In quest’area i fondali sono già sottoposti ad una forte pressione della pesca a strascico mentre l’economia principale è basata su un’intensa pesca dei gamberi. Inoltre, il fiume stesso sversa enormi quantità di nutrienti che provocano una mancanza di ossigeno nei fondali del Golfo creando delle vere e proprie "Dead zones": qui le conseguenze sono mortalità e stress delle popolazioni cosiddette “bentoniche e bentonectoniche”, vale a dire specie che vivono a contatto col fondo (pesci, molluschi e crostacei).
Questa immensa marea nera che si sta propagando in velocità può dunque rappresentare il “colpo di grazia” per la biodiversità e il sistema riproduttivo che sono alla base dell’economia della pesca.

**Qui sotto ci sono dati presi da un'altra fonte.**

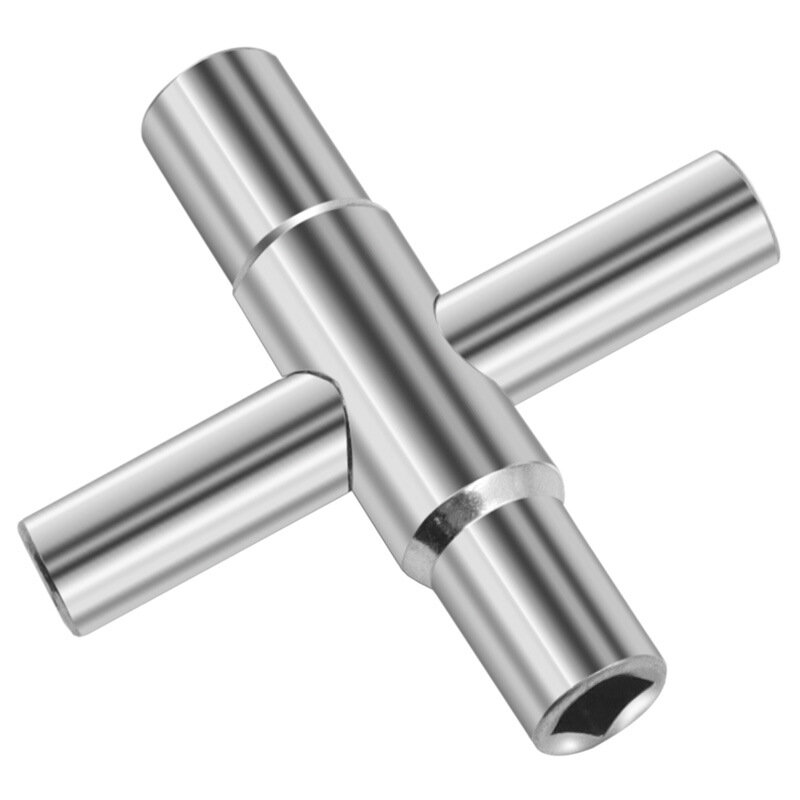 Chave quadrada universal cruz torneira chave 4 em 1 chave de prata manual do banheiro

“Al di là dell’adozione di severe norme e regole per evitare simili tragedie, è del tutto evidente che il mondo deve prepararsi a liberarsi dalla dipendenza da combustibili fossili e iniziare una nuova era. Le trivellazioni e lo sfruttamento dei giacimenti petroliferi sono e saranno sempre più complessi, richiedono e richiederanno grossi sforzi, comportano e comporteranno sempre nuovi pericoli anche ambientali. Invece di prepararsi a raschiare il fondo del barile, occorre creare le condizioni per farne a meno, sfruttando le tecnologie alternative, pulite e rinnovabili, già oggi disponibili sia in campo energetico che per i trasporti” ha aggiunto Mariagrazia Midulla, responsabile Programma Clima.